§ GIVEN MATERIAL

★ ★ ★ ★ ★ ★ ★

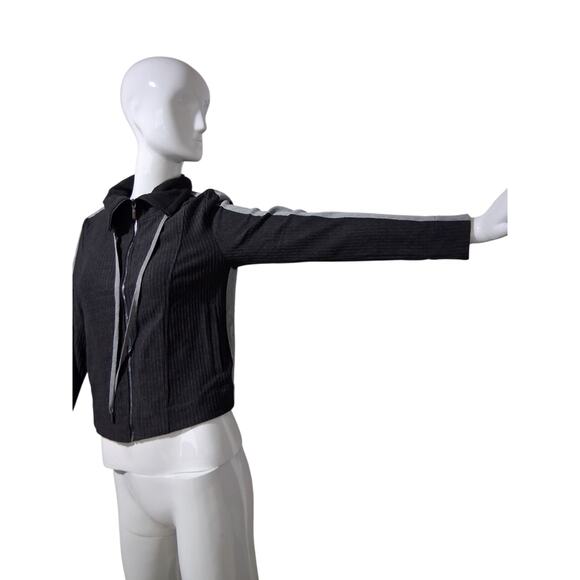 Lysse Quiet Luxury Women's Size XS Ribbed Collard Preppy Activewear Zip Jacket - Picture 10 of 11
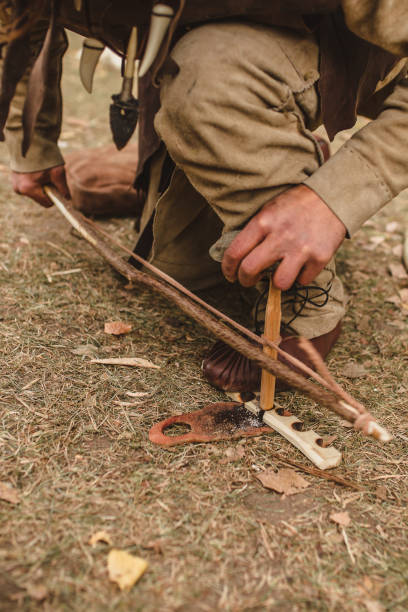 istock An ancient method of fire production is a return to the roots 1343290588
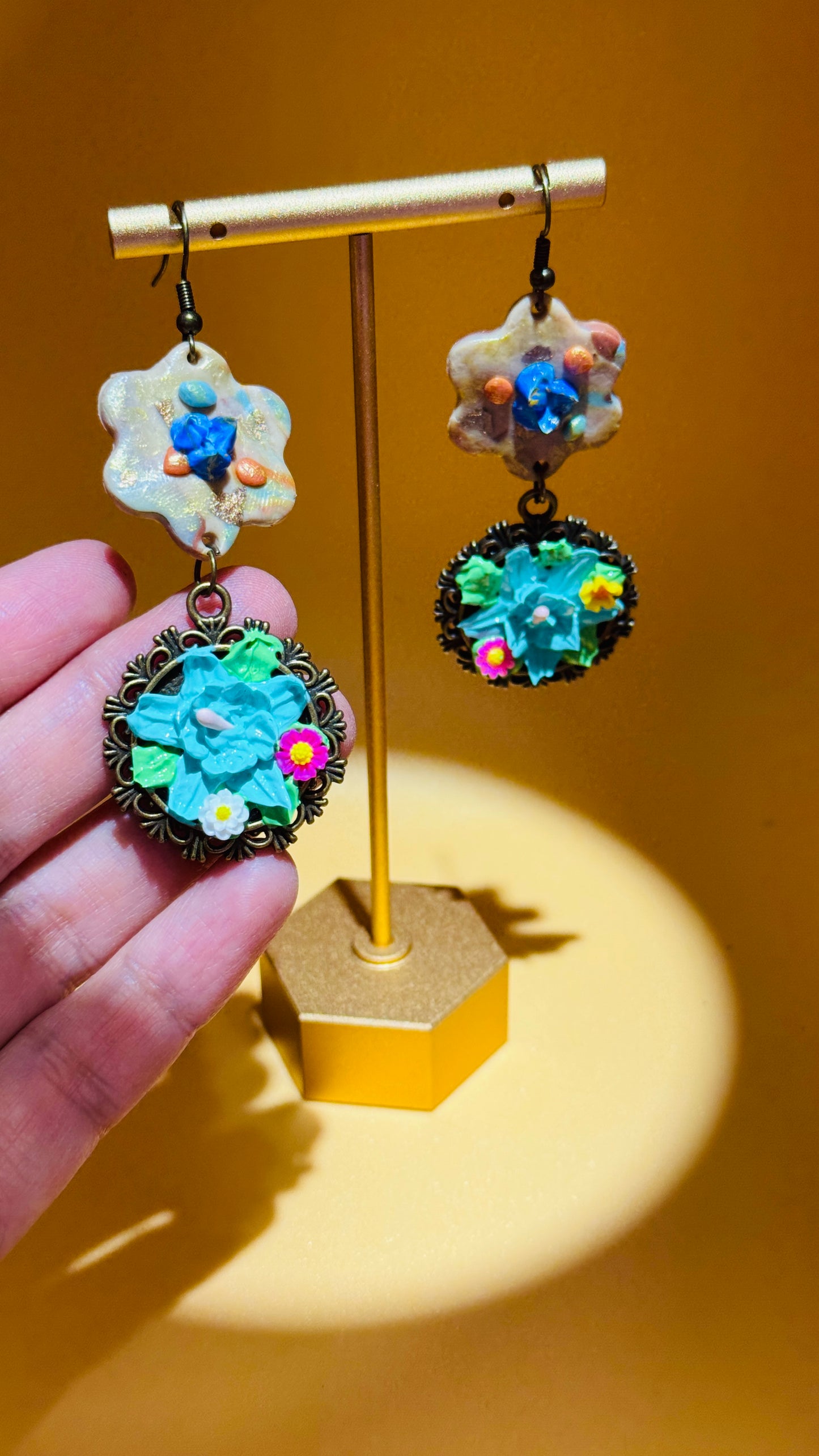#54 Earrings: Blue Lotus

★ ★ ★ ★ ★ ★ ★

§ EXERCISE BRIEF
Working from the material above, transcribe it exactly while omitting pictures.

§ TASK RESULT
 Lysse Quiet Luxury Women's Size XS Ribbed Collard Preppy Activewear Zip Jacket - Picture 10 of 11
 istock An ancient method of fire production is a return to the roots 1343290588
#54 Earrings: Blue Lotus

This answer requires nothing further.